On this, the last day of Hanukkah aka Zose Hanukkah, consider this provocative hypothesis: Hip Hop and Hanukkah are brothers from another mother. For one thing, both are tied to numerology. Hanukkah lasts eight days and nights–the number eight being a “number of completion” that symbolizes the “metaphysical world” in Judaism. Cut that number in half and you’ve got the fabled “four elements” of Hip Hop: DJing, MCing, B-Boying, and Graffiti Art. Plus both Hip Hop and Hanukkah incorporate an extra number “to grow on.” During Hanukkah there’s the ninth candle in the middle of the menorah–called the shamash–used to light the other candles as the holiday progresses. And in Hip Hop there’s the well-known trope of the “fifth element” variously said to be knowledge, beatboxing, basketball, fashion, or some other something.
Also, both celebrate the warrior spirit. The Jewish holiday honors the Maccabees, the rebel warriors who took control of Judea, while Hip Hop celebrates verbal warriors who brandish liquid swords in street cyphers or Verzuz battles, and DJs who battle each other in parks, playgrounds, and turntablist competitions. Zooming out another level, hip hop celebrates the warriors who battle socio-economic oppression and white supremacy.
Finally, Hip Hop is sometimes described as the art of making “something from nothing," and likewise, Hanukkah celebrates the miracle of a paltry supply of lamp oil somehow lasting eight days inside the newly retaken Temple of Jerusalem. So you see, practically the same thing! Let’s go ahead and declare “Hip Hanukkah” the portmanteau of the day and get Lin-Manuel Miranda to write the musical.

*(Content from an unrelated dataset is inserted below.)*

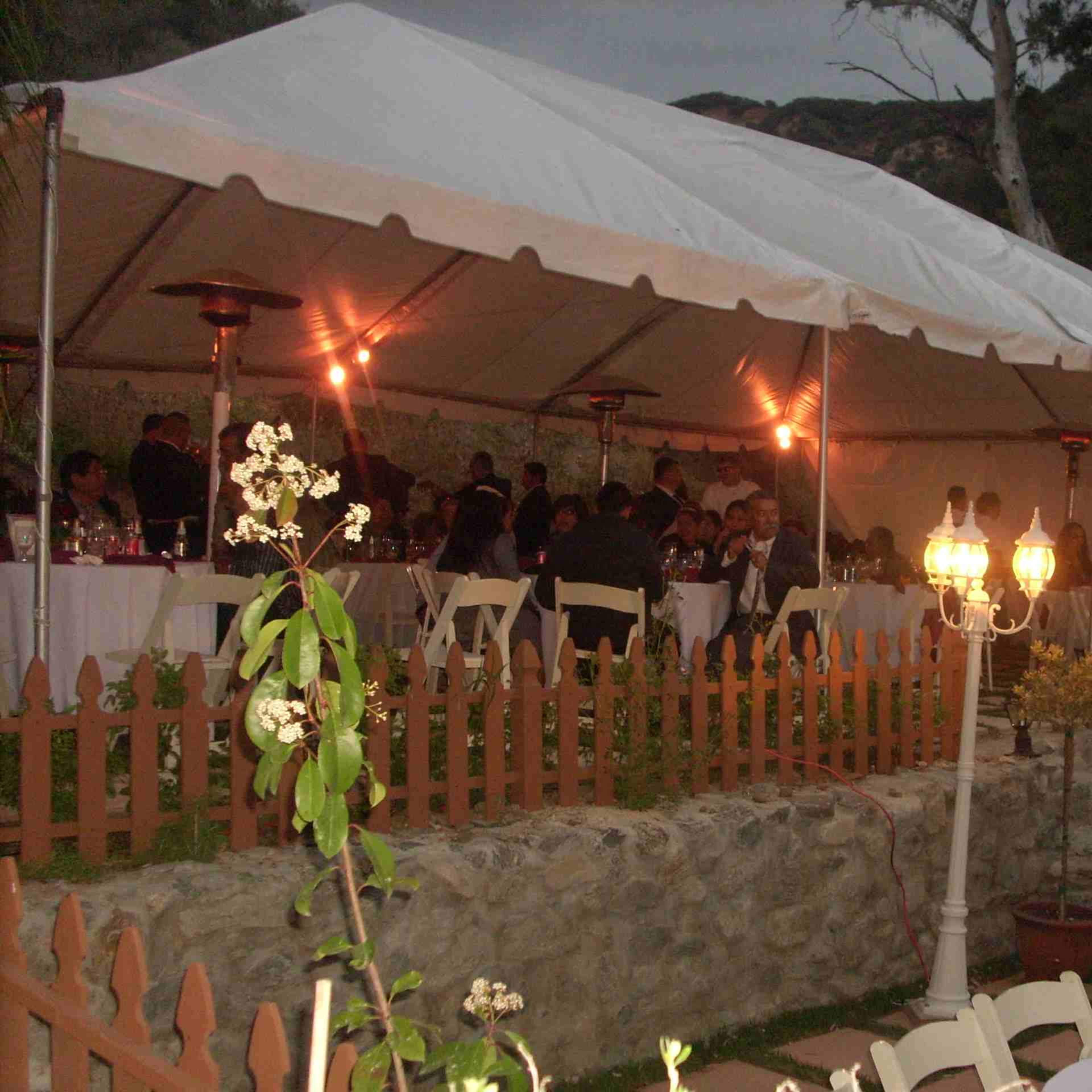 A large tent filled with guests dining at tables is set up in a garden, with outdoor heaters and decorative lighting.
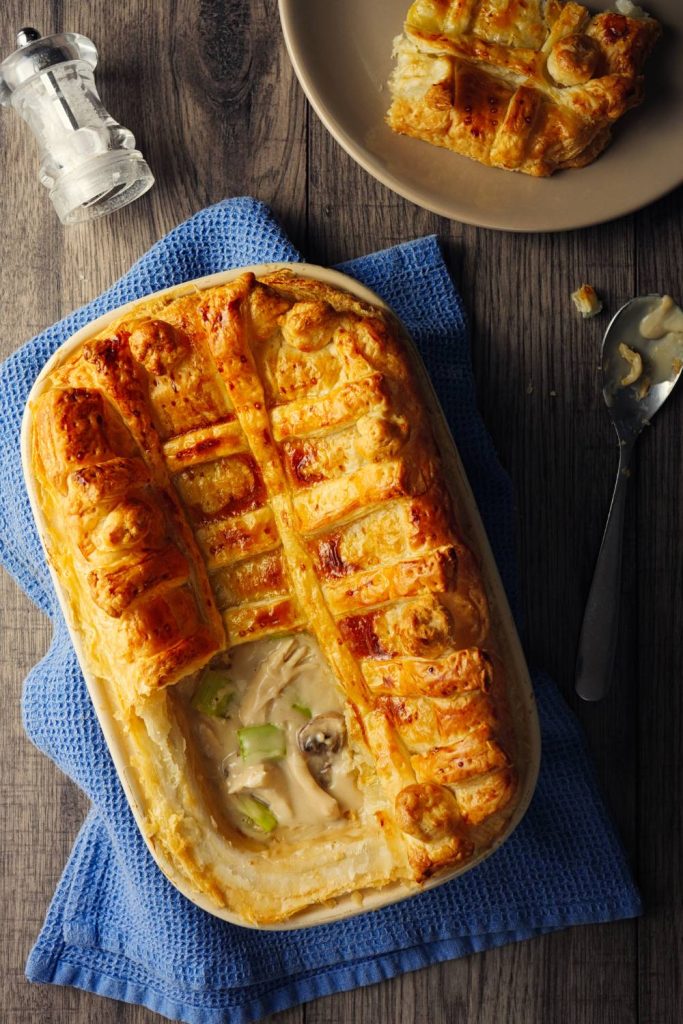 A whole chicken and leek pie with a golden pastry top in a ceramic dish.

Which brings us to the real subject of this piece and the inspiration for the chin-stroking thesis above: the Brooklynite rapper of Jewish-Ukrainian ancestry known as Your Old Droog, who yesterday released the Hanukkah-dedicated single seen at the top of this piece. For five years-plus YOD has been making waves in the hip hop underground, a favorite of heads who recognize his formidable skills and appreciate his verbal acrobatics, encyclopedic references (forget about consulting Genius since YOD had all his lyrics removed from the site), clever punchlines, and grimy ‘90s-style beats. Collaborations with the likes of Danny Brown and Heems have only cemented YOD’s reputation.
Often compared to such upper echelon verbalists as Nas and MF Doom, YOD achieved early notoriety when he first started posting tracks on SoundCloud minus any additional social media presence or photos or personal info of any kind. This quickly led to rumors that YOD was actually Nas recording under a pseudonym. After positively IDing himself in a 2014 New Yorker profile and subsequently selling out a show at Webster Hall, it was revealed that he was actually a heretofore unknown white dude from Coney Island. Your Old Droog had seemingly come out of nowhere and created “something out of nothing” right out of the box.
But in reality more than just “some white dude” as his last two records have made clear–concept albums focused, respectively, on his Jewish heritage and Eastern European ethnic ancestry. On the first day of Hanukkah, late in 2019, YOD dropped Jewelry. The third full-length released in an insanely prolific year, the album opens with a track called “Shamash” (the ninth menorah candle referenced above!) that opens with the sound of a matchbook being struck which transitions into a hazy, dubby beat with incantations over the top that all sounds either highly spiritual or like someone coming down from a latke binging session.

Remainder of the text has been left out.